** Input for this task follows **
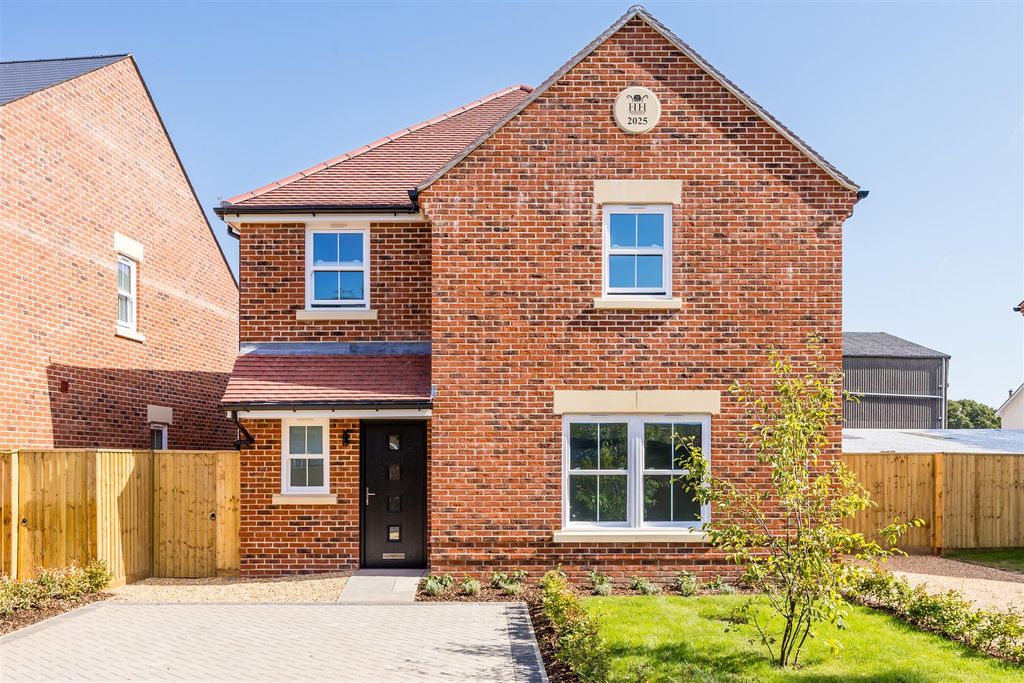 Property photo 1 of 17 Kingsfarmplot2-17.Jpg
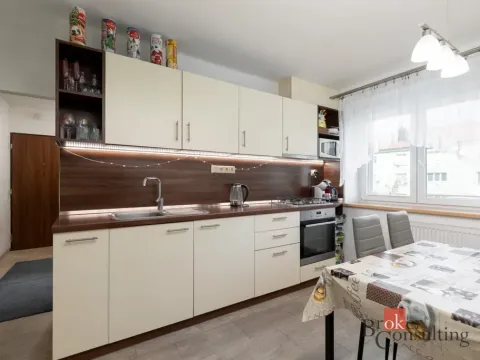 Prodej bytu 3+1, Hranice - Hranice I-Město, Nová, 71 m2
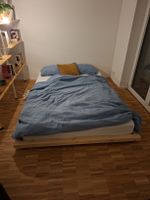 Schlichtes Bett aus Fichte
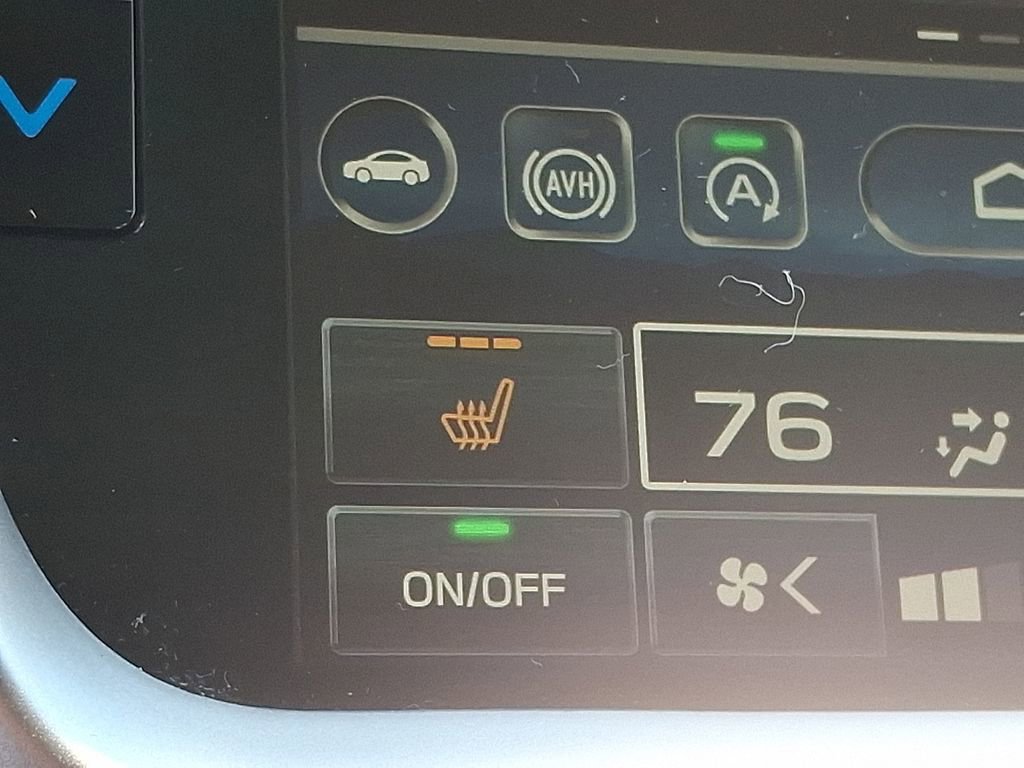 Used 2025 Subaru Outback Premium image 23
** End of Input for this task **
** Input for this task follows **
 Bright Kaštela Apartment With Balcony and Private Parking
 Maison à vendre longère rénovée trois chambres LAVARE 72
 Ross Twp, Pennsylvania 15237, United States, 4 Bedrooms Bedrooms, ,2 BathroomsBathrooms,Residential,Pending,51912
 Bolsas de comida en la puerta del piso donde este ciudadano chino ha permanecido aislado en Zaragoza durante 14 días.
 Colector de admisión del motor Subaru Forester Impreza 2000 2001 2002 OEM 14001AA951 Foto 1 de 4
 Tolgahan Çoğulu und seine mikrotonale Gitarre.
** End of Input for this task **
** Input for this task follows **
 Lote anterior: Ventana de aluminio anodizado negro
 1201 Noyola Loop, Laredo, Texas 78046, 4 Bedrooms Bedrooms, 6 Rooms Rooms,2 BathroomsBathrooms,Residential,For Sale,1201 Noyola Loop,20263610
** End of Input for this task **
* Work instructions:
Give back exactly the lines above, from the line containing "Colector de admisión" through the line containing "Tolgahan Çoğulu und", with both end lines and nothing more.

* Answer area:
 Colector de admisión del motor Subaru Forester Impreza 2000 2001 2002 OEM 14001AA951 Foto 1 de 4
 Tolgahan Çoğulu und seine mikrotonale Gitarre.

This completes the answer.